Tiny Pointers (opens in new tab)

(arxiv.org)

163 pointslevzettelin1y ago35 comments

35 comments

I looked a bit into this a few years back and found it quite interesting. Despite them calling them "Tiny Pointers" I would say it's closer to a open addressing hash map. You have a specific key, and then you can "allocate" an entry in the hash map. This gives you back a "pointer". You can then later use the original key and the pointer together to determine the index of the entry. There's also a slight chance that the allocation will fail (similar to a hash collision in a hash map). The "trick" here is that two different keys can end up having the exact same pointer (because we're always dereferencing with the key). This makes them more compact.

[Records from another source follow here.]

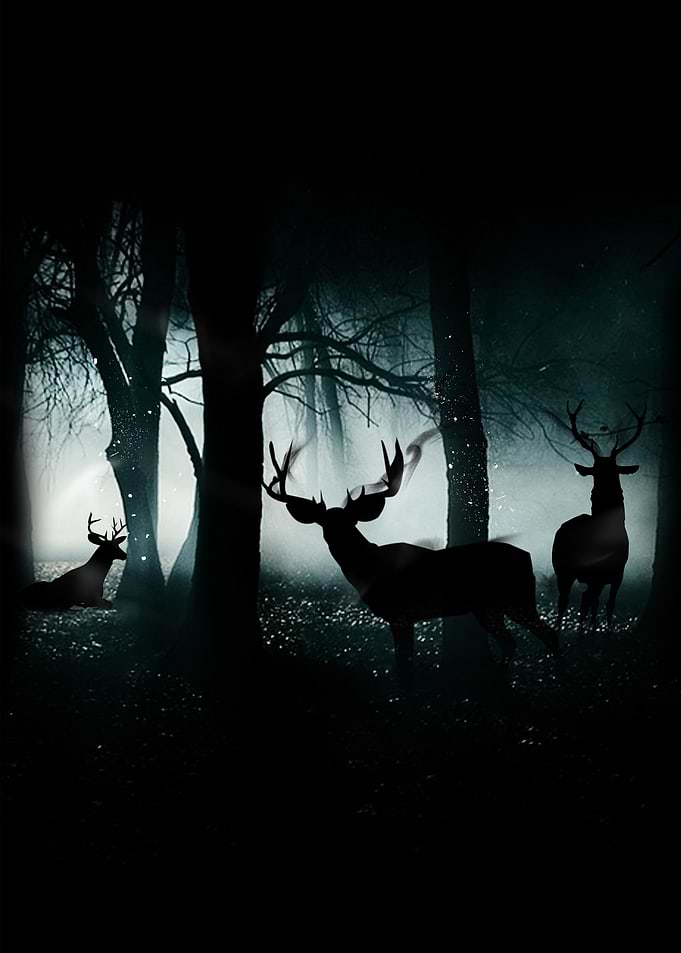 Guardians Of The Forest: The deer are the keepers of th ...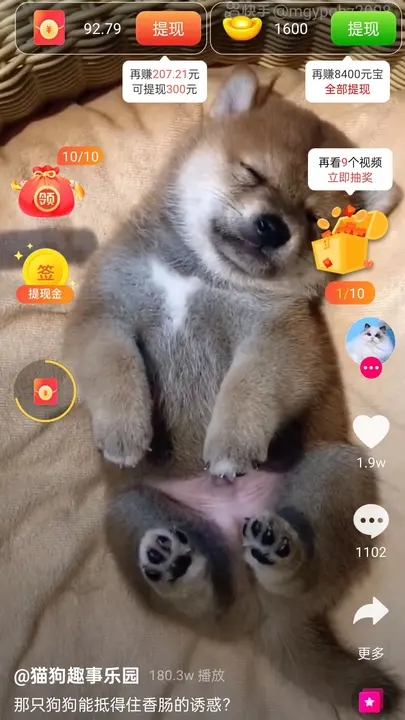 Dog Nanbei App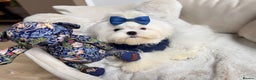 Maltese dogs for sale: Beautiful 6 month old Maltese Puppy Ready Now - Advert 10
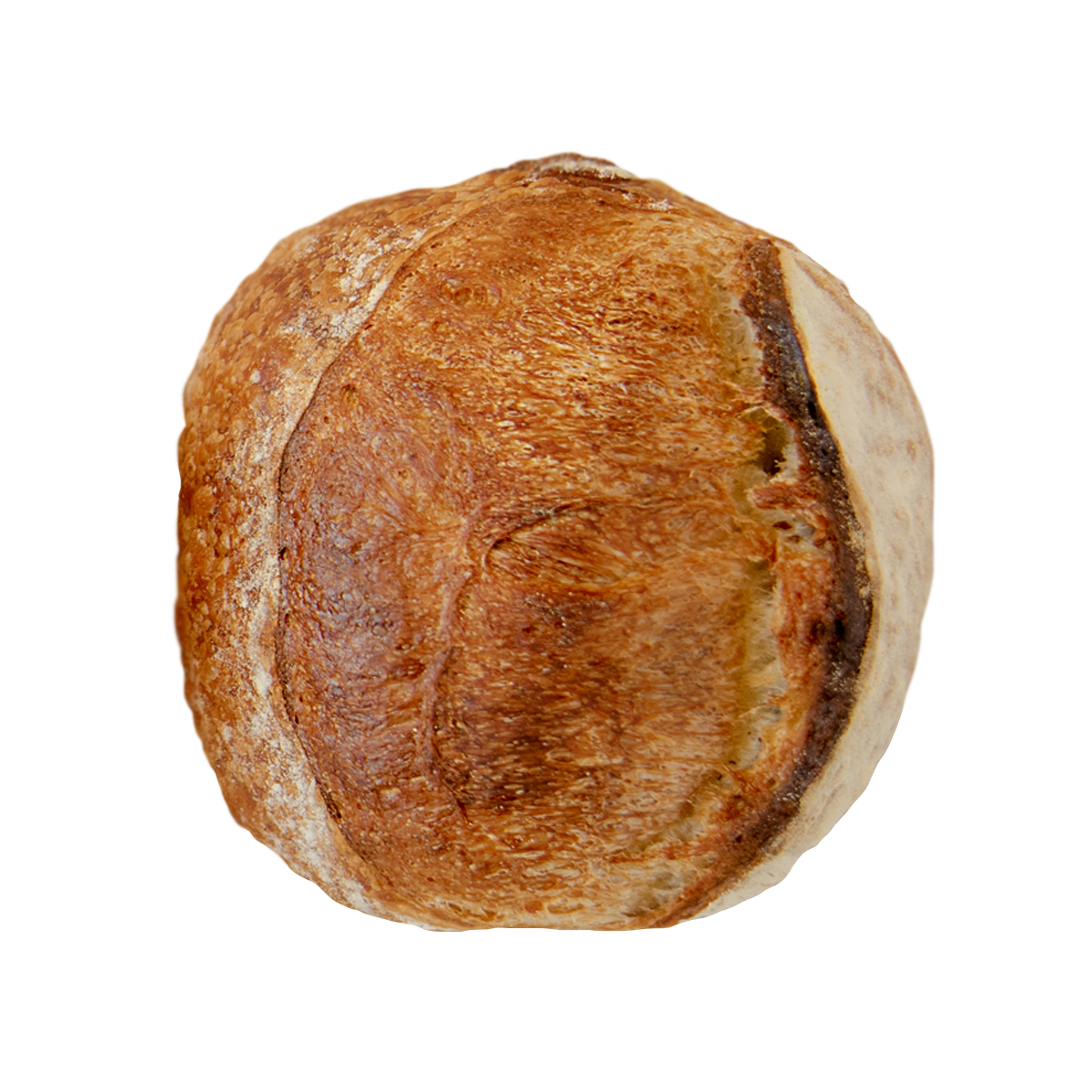 HOGAZA INTEGRAL BLANCA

I was struggling a bit to come up with good use cases for it. Their examples are all around combining them with existing data structures and they show that the space complexity is smaller, but it wasn't completely clear to me how feasible this would actually be in practice.

qazxcvbnm1y ago

I read the paper a few years ago and I agree that for such an incredible algorithmic improvement, it’s not trivial to find a use case, as you still need to maintain a separate (albeit algorithmically insignificant) lookup table. When I read the paper I (mistakenly) hoped it could be used for indexing on-disk structures without ever hitting the disk for things like B tree internal nodes. To get its sweet sweet algorithmic complexity, up its sleeve is once again (as I recall) the age old trick of rebuilding the structure when the size doubles, which makes it much less efficient than it sounds for most practical use cases. I suppose one good use case for this might be compressing database indexes, where you need to maintain a separate structure anyway and the space savings can be worth it.

judofyr1y ago

I didn't invest a lot of time in it because when these papers show no practical applications I always assume that the constant factors are too high. Especially when there's also no specific values of the constant factors presented. It's still somewhere back in my mind to implement it one day to figure out the nitty gritty details.

1 more reply

Izikiel431y ago

This guy used that paper to create a new hash table which is much faster at high load that current implementations:

https://www.quantamagazine.org/undergraduate-upends-a-40-yea...

nsteel1y ago

That paper was front page 2 days ago. It's the reason this paper is front page today. And while it is fantastic work, it has no obvious break-through application, as was discussed: https://news.ycombinator.com/item?id=43004955

1 more reply

taeric1y ago

It isn't hard to make a datastructure that indexes into itself. BDDs, for example, are often coded in this way. I did an admittedly poor job of one at https://taeric.github.io/trading-with-bdds.html, but I think it is enough to see the idea well enough.

CyberDildonics1y ago

That's just called a hash map.

mont_tag1y ago

Didn't Python's compact dictionary implementation do this a decade ago?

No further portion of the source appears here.